“Your broken leg,” interrupted Ashton––“it made me forget. You had saved me with the rope. I had to help you. Now I see how foolish I have been. I should have left you to lie here, and flung myself back over into the water.”

“Why?” calmly queried Blake.

“Why! You ask why?” cried Ashton, his eyes ablaze with excitement, his whole body quivering. 335 “Can’t you see? Are you blind? What do I care about myself if I can save her from you? I shall not try to escape. You shall never go up there to work her harm!”
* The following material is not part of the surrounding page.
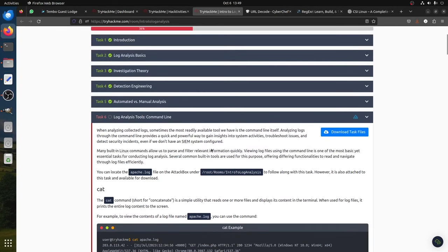cat apache.log - you can see it's a long file. There's also the less command: less allows you to scroll with Enter, then press Q to quit. The tail command gives you the last ten lines by default - same as head: head apache.log gives the first ten lines, and tail gives the last ten.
“Harm her? You mean put through this irrigation project?”

“No!” shouted Ashton. “Don’t lie and pretend, you hypocrite! You know what I mean! You know she could not hide how you were enticing her!”

Blake stared in utter astonishment. Then, regardless of his leg, he sat up and said quietly: “I see. I thought you must have understood when she told me, there at the last moment before we started. She is my sister.”

“Sister!” scoffed Ashton. “You liar! You have no sister. Your sisters died years ago. Genevieve told me.”

“That was what I told her. I believed it true. But it was not true. Belle did not die––God! when I think of that! It has helped me through this fight––it helped me crawl up here with that leg dangling. Good God! To think of Jenny waiting for me up there, and Son, and little Belle too––little Belle whom all these years I thought dead!”

Ashton stood as if turned to stone. “Belle––you call her Belle? She told me––Chuckie only a nickname!” he stammered. “Adopted––her real name Isobel!” 336

“We always called her Belle––Baby Belle! She was the youngest,” said Blake.